# Time signatures and staff spacing in Sibelius



## dp_audio (Jul 28, 2010)

I converted to Sibelius 6 a few months ago, and so far I am loving it. Previously, I had used Finale, and I had learned all the tricks for turning a score into something appropriate for a scoring session. I'm trying to learn those tricks again in Sibelius, but I'm having trouble with a few things.

Time signatures - I know I can change the style to large or huge and edit the font and somewhat the position, but I can't get it to display only on certain staves or at least certain vertical positions on the page. Does anyone know how to do this? (Also, what font is best for big narrow time signatures?)

Staff spacing - This is more of a general layout question. When I try to drag the bottom staff down on a page, it will only go so far before it snaps to the bottom of the page. I want to be able to drag the bottom staff freely when spacing my staves. How can I set it not to snap like that?


----------



## sbkp (Jul 28, 2010)

I don't know about the time signature locations (and would like that answer, too).

But for the second one, if I understand your question correctly, then do this:

House Style > Engraving Rules > Staves

Find "Justify staves when page is at least ___ % full"

Change the number to 100. Then you can drag with no snapping.


----------



## dp_audio (Jul 28, 2010)

sbkp @ Wed Jul 28 said:


> House Style > Engraving Rules > Staves
> 
> Find "Justify staves when page is at least ___ % full"
> 
> Change the number to 100. Then you can drag with no snapping.



Perfect! That's what I needed. Thanks!

Now let's hope someone has an answer for the time signatures issue.


----------



## Maximvs (Jun 25, 2011)

DannyPoit @ Wed Jul 28 said:


> I converted to Sibelius 6 a few months ago, and so far I am loving it. Previously, I had used Finale, and I had learned all the tricks for turning a score into something appropriate for a scoring session. I'm trying to learn those tricks again in Sibelius, but I'm having trouble with a few things.
> 
> Time signatures - I know I can change the style to large or huge and edit the font and somewhat the position, but I can't get it to display only on certain staves or at least certain vertical positions on the page.

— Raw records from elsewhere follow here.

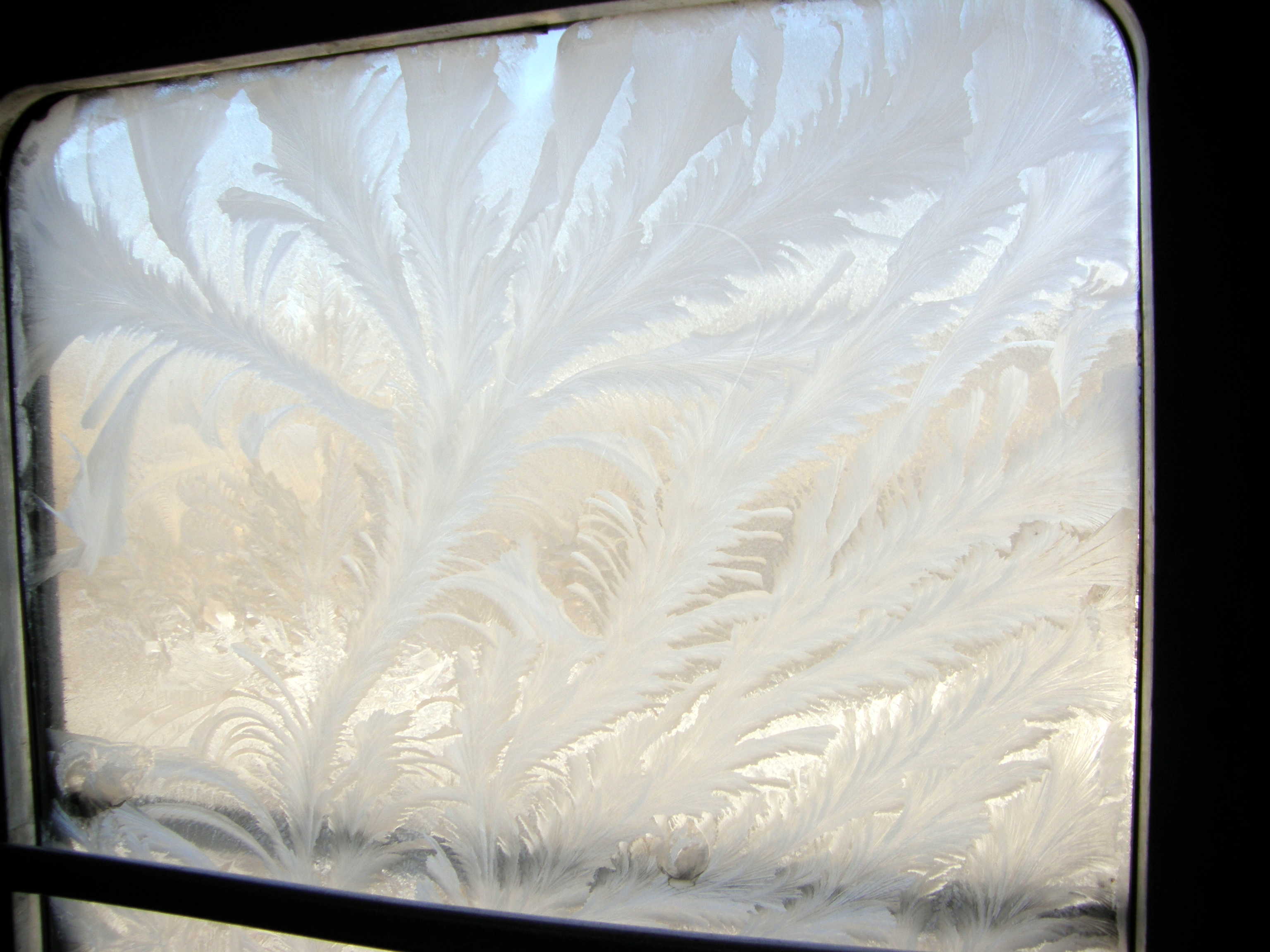 Eisblume Zugfenster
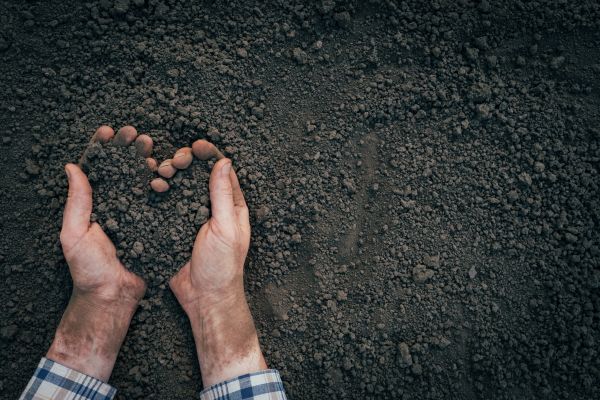 Soil Installation in Anaheim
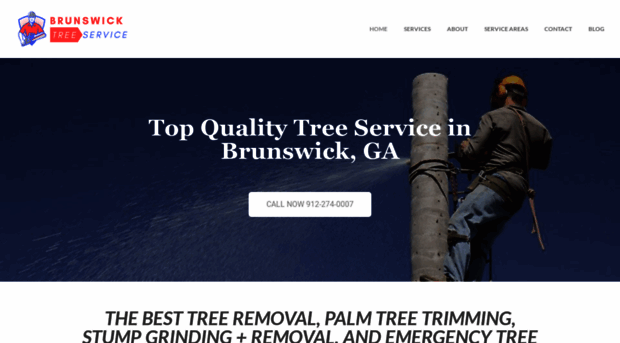 brunswicktreeservices.com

Does anyone know how to do this? (Also, what font is best for big narrow time signatures?)
> 
> Staff spacing - This is more of a general layout question. When I try to drag the bottom staff down on a page, it will only go so far before it snaps to the bottom of the page. I want to be able to drag the bottom staff freely when spacing my staves. How can I set it not to snap like that?



Hello Danny,

In order to place the time signature(s) on specific staves on the full score do as follow:

1) Go up to the Sibelius main toolbar at the top of the screen and select *House Style>System Object Positions * 

2) From the System Object Position window simply select the instrument(s) you want the time signature(s) to appear on and press OK.

Hope this helps.

Best regards,

Max


----------